La elección del 1 de junio de 2025 estuvo marcada por la presencia de “acordeones”, materiales físicos y digitales que indicaban a los electores los números de determinadas candidaturas. La Misión de Observación Electoral de la OEA documentó que las nueve candidaturas con más votos fueron promovidas en alguno de esos acordeones. No obstante, esa constatación no identifica quién produjo, financió o distribuyó esos materiales ni cuantifica su impacto electoral.

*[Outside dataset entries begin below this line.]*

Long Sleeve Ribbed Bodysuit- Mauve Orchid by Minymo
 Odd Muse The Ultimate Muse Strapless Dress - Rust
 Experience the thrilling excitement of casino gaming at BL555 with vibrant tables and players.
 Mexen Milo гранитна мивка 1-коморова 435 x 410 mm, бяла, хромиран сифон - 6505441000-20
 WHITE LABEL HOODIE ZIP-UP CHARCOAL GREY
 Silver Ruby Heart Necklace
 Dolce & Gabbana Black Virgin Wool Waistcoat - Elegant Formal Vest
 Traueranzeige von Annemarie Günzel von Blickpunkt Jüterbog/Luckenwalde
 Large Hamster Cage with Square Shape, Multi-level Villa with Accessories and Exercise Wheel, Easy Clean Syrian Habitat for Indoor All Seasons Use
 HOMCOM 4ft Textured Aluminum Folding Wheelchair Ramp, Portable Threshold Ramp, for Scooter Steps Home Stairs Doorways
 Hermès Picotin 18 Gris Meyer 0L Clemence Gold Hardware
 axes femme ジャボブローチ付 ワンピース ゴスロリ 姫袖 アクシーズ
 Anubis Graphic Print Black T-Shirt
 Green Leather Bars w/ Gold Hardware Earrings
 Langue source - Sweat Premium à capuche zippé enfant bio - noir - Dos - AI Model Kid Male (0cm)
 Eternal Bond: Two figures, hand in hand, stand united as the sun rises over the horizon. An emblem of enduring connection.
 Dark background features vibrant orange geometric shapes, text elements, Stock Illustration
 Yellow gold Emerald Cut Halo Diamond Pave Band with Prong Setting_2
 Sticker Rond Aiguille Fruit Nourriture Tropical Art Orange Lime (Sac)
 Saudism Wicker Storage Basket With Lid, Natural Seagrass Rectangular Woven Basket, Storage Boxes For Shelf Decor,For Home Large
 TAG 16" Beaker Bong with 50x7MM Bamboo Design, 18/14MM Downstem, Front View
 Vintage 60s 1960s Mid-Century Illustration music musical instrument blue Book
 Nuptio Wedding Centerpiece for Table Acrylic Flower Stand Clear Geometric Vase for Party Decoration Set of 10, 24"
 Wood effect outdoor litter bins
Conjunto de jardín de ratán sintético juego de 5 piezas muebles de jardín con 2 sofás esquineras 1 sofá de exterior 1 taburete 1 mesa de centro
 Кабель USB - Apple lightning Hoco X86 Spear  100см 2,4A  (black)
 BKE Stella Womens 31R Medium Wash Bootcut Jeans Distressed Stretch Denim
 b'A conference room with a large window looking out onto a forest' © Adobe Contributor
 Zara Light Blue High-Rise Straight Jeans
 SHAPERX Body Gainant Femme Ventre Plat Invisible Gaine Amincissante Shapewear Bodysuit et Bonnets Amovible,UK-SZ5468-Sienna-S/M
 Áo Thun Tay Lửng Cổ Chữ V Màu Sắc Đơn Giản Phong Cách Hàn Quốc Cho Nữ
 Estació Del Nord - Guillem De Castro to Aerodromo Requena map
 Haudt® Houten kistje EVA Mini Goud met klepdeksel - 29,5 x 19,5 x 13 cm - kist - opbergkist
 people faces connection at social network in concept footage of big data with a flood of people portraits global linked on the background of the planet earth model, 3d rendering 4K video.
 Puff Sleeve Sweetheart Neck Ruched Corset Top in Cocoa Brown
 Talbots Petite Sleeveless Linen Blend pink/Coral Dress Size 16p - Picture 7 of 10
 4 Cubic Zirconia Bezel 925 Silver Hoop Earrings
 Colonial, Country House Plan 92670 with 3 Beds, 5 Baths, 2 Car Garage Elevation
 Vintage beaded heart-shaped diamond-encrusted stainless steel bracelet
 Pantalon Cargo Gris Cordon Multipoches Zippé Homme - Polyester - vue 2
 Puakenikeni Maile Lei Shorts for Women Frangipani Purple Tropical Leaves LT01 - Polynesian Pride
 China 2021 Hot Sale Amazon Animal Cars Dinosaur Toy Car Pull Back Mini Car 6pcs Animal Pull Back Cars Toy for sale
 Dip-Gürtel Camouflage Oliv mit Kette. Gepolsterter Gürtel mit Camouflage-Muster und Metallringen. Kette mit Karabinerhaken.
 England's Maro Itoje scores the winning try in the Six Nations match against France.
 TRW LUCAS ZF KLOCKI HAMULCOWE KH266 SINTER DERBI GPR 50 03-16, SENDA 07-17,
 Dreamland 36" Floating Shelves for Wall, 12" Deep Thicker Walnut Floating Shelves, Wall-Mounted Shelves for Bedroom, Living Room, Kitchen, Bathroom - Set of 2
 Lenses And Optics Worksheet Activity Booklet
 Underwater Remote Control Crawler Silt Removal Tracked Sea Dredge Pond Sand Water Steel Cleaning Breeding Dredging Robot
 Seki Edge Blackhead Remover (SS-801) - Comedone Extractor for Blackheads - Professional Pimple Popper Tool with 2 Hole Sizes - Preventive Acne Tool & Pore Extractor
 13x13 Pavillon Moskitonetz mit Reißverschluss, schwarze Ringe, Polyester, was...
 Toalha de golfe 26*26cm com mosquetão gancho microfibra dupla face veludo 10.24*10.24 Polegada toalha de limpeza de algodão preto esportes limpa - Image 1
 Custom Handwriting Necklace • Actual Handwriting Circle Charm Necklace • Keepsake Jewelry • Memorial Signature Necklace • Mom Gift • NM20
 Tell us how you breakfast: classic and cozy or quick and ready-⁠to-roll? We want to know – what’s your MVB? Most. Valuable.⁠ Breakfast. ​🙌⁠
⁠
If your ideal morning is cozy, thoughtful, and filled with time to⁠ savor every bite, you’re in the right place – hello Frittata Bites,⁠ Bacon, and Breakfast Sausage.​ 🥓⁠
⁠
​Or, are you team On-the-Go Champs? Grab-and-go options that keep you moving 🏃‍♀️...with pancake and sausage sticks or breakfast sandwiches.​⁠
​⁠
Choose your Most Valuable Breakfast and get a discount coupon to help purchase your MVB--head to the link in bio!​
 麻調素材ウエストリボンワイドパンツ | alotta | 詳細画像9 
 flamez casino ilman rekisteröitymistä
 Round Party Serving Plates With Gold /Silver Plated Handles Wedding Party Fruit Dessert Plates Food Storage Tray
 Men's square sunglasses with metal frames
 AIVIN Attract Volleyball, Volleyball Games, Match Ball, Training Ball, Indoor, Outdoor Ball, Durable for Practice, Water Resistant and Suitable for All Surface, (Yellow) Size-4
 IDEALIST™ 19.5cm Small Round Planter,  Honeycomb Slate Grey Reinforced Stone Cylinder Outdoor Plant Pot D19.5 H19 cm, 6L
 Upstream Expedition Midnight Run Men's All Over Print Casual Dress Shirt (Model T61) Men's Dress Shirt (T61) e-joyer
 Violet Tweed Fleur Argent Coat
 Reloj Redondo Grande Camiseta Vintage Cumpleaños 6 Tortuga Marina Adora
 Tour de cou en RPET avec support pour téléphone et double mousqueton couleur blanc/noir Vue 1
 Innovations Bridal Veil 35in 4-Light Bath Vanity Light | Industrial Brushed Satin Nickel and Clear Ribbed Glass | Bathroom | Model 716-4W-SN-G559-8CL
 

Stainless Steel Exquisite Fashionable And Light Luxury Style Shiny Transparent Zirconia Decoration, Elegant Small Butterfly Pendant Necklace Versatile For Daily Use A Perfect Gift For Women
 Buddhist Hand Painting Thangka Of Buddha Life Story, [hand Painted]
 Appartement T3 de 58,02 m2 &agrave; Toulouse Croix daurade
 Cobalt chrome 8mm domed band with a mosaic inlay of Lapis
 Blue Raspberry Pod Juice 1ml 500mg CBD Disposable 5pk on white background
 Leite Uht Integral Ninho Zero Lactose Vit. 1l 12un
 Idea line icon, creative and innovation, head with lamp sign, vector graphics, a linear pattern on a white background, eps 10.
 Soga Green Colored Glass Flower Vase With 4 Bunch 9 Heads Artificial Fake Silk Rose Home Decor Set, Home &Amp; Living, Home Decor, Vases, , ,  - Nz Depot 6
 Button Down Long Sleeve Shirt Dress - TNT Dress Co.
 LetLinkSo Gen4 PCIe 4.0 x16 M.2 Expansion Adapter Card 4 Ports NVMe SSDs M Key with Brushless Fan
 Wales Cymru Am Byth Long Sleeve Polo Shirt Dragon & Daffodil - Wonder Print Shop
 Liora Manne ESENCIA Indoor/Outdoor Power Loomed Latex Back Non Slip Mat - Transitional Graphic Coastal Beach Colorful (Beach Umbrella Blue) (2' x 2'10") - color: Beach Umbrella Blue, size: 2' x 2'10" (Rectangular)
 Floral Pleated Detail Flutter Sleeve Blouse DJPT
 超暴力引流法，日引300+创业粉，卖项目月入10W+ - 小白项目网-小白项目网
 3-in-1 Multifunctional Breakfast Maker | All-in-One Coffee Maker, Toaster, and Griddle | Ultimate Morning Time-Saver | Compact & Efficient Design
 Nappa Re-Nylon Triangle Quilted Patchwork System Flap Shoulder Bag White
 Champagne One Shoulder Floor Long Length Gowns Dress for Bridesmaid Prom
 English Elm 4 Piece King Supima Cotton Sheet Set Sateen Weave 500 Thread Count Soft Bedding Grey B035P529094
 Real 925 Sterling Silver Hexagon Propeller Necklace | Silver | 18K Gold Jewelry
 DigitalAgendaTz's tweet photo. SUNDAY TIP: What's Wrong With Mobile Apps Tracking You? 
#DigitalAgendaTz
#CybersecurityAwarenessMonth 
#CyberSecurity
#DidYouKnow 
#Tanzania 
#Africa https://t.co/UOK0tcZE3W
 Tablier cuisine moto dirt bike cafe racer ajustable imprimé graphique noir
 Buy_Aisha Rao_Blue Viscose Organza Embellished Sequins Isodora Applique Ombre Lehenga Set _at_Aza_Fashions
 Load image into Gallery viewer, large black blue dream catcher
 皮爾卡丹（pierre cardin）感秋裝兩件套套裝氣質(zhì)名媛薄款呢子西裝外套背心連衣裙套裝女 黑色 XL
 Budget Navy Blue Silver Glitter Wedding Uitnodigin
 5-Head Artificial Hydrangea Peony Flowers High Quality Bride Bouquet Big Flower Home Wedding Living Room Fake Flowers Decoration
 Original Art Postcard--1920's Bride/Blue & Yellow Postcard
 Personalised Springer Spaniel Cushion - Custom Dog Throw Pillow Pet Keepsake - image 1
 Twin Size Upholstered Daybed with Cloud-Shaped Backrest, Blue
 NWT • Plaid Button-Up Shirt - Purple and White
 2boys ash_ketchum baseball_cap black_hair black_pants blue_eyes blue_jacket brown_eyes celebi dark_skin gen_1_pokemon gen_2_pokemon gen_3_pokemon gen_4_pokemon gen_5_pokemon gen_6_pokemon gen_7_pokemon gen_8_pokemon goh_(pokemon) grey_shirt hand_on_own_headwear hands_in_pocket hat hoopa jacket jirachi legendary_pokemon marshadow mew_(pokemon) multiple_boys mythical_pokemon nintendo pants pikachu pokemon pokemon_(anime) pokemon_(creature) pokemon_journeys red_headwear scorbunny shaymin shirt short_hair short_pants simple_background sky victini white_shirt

El asunto llegó al Tribunal Electoral del Poder Judicial de la Federación, donde un proyecto propuso anular la elección al considerar acreditada una operación sistemática de propaganda prohibida; la mayoría, sin embargo, validó los resultados. A nivel internacional, la Comisión Interamericana de Derechos Humanos expresó preocupaciones previas sobre la reforma y, en el caso del autor —quien fue candidato en esa elección— pidió el reestudio de una determinación inicial que, hasta ahora, permanece pendiente.
La postergación de la próxima elección judicial de 2027 a 2028 ofrece una ventana para esclarecer quién organizó y financió los acordeones, cómo se distribuyeron y qué consecuencias jurídicas deben derivarse de una operación de esa naturaleza. Si para 2028 no se responden esas preguntas, advierte el autor, se habrá desperdiciado la oportunidad de corregir deficiencias del proceso que afectaron la legitimidad de origen de un tribunal constitucional.